Write my LinkedIn About section in first person. Here's my information:
Name: [Your Name]
Current role: [Your Job Title at Company]
Industry: [Your Industry]
Years of experience: [Number]
Career journey in 2-3 sentences: [e.g., "Started in sales, moved to product marketing, now lead growth at a B2B SaaS startup"]
Top 3 skills/strengths: [Skill 1, Skill 2, Skill 3]
Biggest professional achievement: [One specific accomplishment with a number if possible]
What I'm passionate about in my work: [e.g., "turning complex data into stories that drive decisions"]
What I'm looking for / open to: [e.g., "connecting with product leaders" or "open to senior PM roles"]
Write a LinkedIn About section that:
1. Opens with a hook that makes someone want to keep reading (NOT "I am a...")
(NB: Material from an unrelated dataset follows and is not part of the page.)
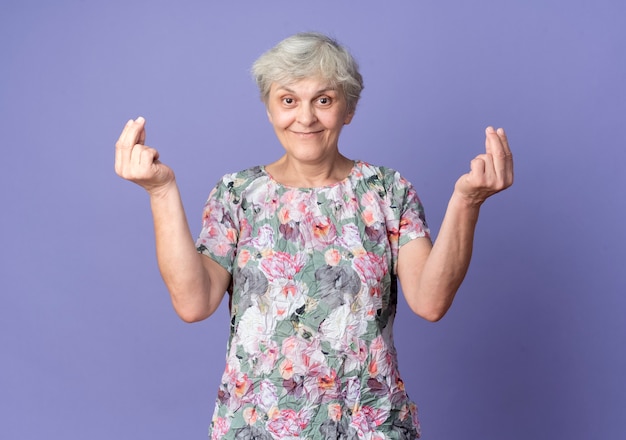 Free photo pleased elderly woman gestures money hand sign with two hands isolated on purple wall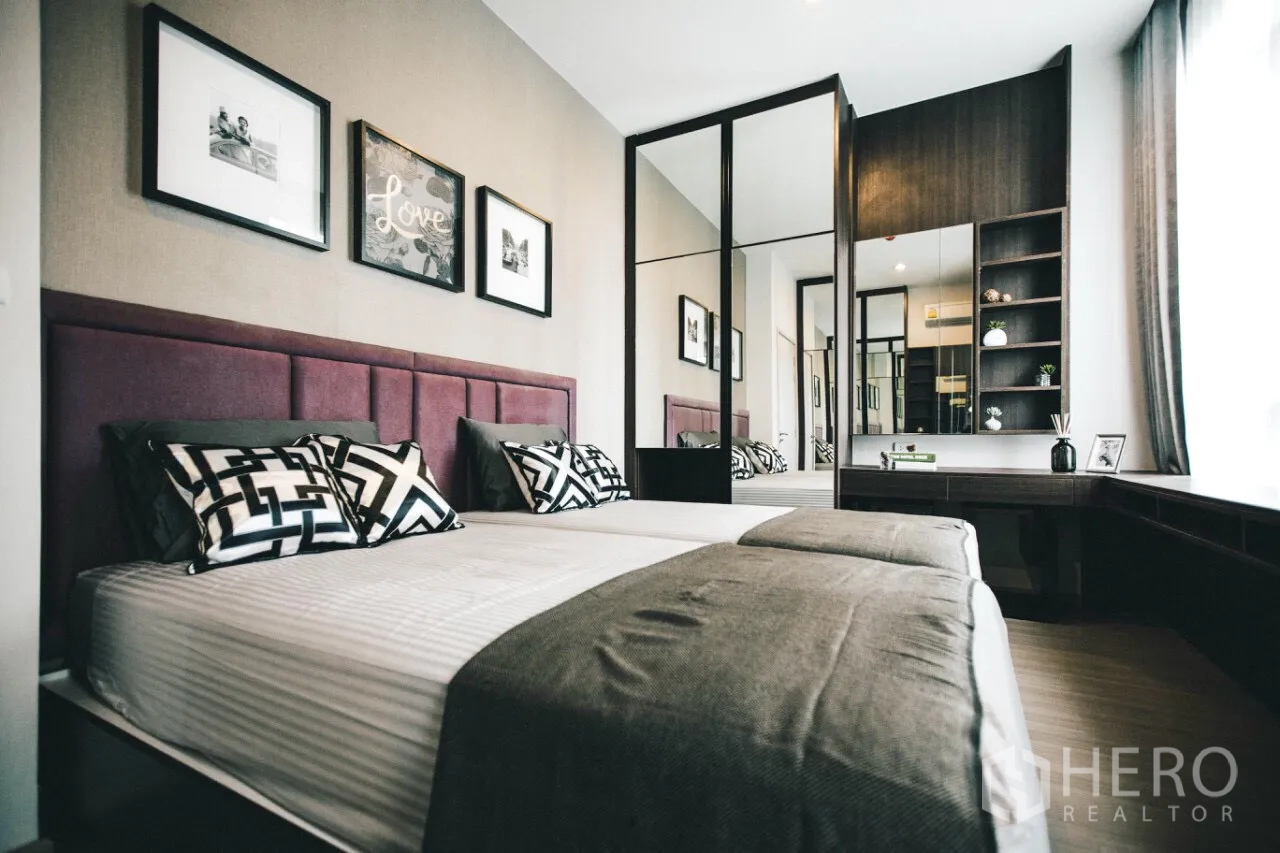 Condominium for rent in Huai Khwang, Bangkok - Primary bedroom with upholstered headboard, mirrored wardrobe, and built-in desk and shelving.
2. Is written entirely in first person ("I" not "they")
3. Tells a brief career story arc (where I started → what I learned → where I am now)
4. Mentions 3-5 specific skills or tools naturally (not a keyword dump)
5. Includes one concrete achievement with a number
6. Ends with a call-to-action (what to do next | connect, message, etc.)
7. Is 150-300 words (LinkedIn sweet spot)
8. Uses short paragraphs (2-3 sentences max per paragraph)
9. Sounds human and conversational, not corporate
Do NOT include:
- Third person language
- "Passionate professional with X years..."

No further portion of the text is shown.